Unlike RT‐PCR, antigen assays directly measure viral material in the sample without amplification, hence sensitivity is strongly influenced by the infection kinetics and resultant viral concentration in the upper respiratory tract. Presence and duration of symptoms, and anatomical location of swabbing all play a role. Assay performance comparisons from different studies, where study cohort composition varied widely, is thus difficult. Notwithstanding that, to the best of our knowledge, there are no published studies of side‐by‐side automated antigen assay comparisons within the same patient group, when all C t values were considered, the HISCL antigen assay still performed favorably (overall sensitivity 74.7%, total 1787 samples and 16.7% RT‐PCR positivity) compared with other automated antigen assays where reported sensitivities ranged from 41.2% to 65.9% , , , overall, although all still falling short of the 80% sensitivity WHO recommendation. In a world without resource constraints, RT‐PCR would be the test of choice for every testing situation, however, as resource availability is unequal, there is a role for antigen tests, both rapid and automated immunoassays, such as the HISCL assay.
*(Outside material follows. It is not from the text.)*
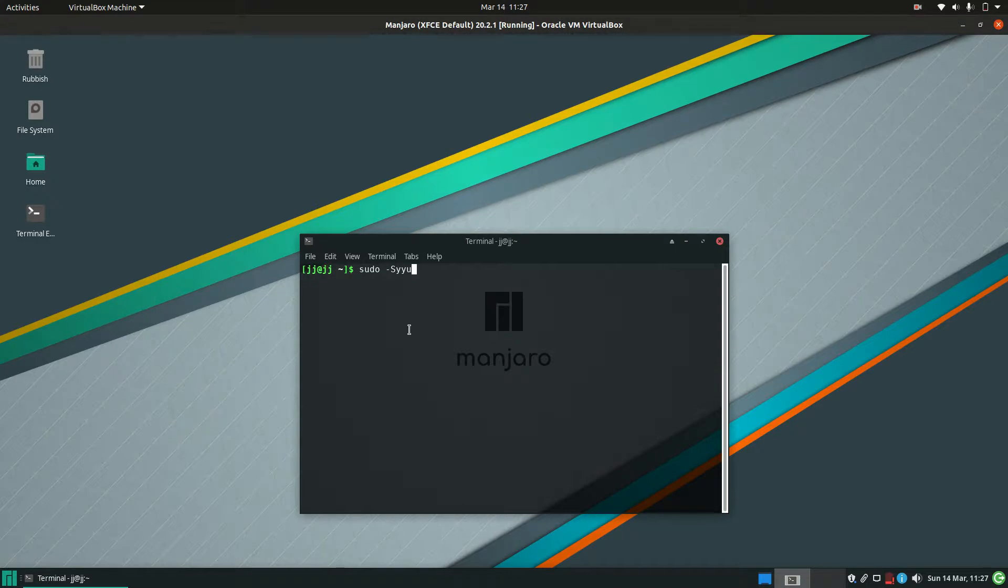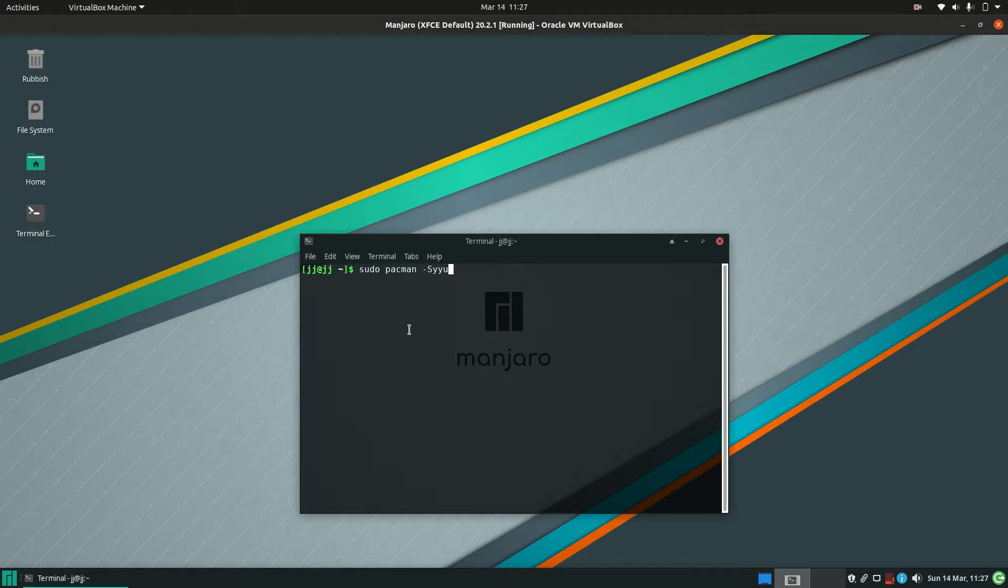So basically, I've gone a bit ahead of myself. It's pacman dash S Y Y U. So I was getting a bit held up on the arguments there for a moment, but hit enter.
Choice of an assay is influenced by infrastructure, affordability, testing indication (symptomatic, contact testing, and screening), and disease prevalence, which we have seen rises and falls. We calculated PPV and NPV at 5% and 25% disease prevalence, the prevailing RT‐PCR positivity rates during prospective sample collection for our study, and during the fourth wave of COVID‐19 infections in the Netherlands in January 2022, respectively. Assay performance for UTM swabs had a superior predictive value over dry swabs, irrespective of disease prevalence. Under high prevalence conditions, both NPV and PPV for UTM swabs exceeded 95%, even at C t < 35. The assay would thus be suitable for confirmation of infection, as well as ruling‐out infection in support of public health disease containment measures. At low prevalence, NPV is significantly better than PPV ( > 99% vs. >88%). Here, the greatest clinical utility would be infection exclusion, with the mass testing nature of such screening well supported by the high throughput capacity of the HISCL automated analyser.
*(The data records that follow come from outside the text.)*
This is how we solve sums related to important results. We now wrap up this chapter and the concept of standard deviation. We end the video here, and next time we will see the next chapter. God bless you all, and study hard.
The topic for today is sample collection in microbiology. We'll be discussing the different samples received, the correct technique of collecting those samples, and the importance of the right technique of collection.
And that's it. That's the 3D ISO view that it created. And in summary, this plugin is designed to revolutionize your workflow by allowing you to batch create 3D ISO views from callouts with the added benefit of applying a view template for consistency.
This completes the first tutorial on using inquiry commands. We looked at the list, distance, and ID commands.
Our study has limitations. It was conducted at a time when the SARS‐CoV‐2 positivity rate was rapidly declining, hence positive‐to‐negative sample ratio was low. Also, we were unable to directly compare antigen test performance on paired dry and UTM swabs, against RT‐PCR on the same UTM swab. This would have required participants consenting to three swabs which was considered unacceptable. Furthermore, we could not stratify assay sensitivity based on the presence and duration of symptoms, as such data was not available.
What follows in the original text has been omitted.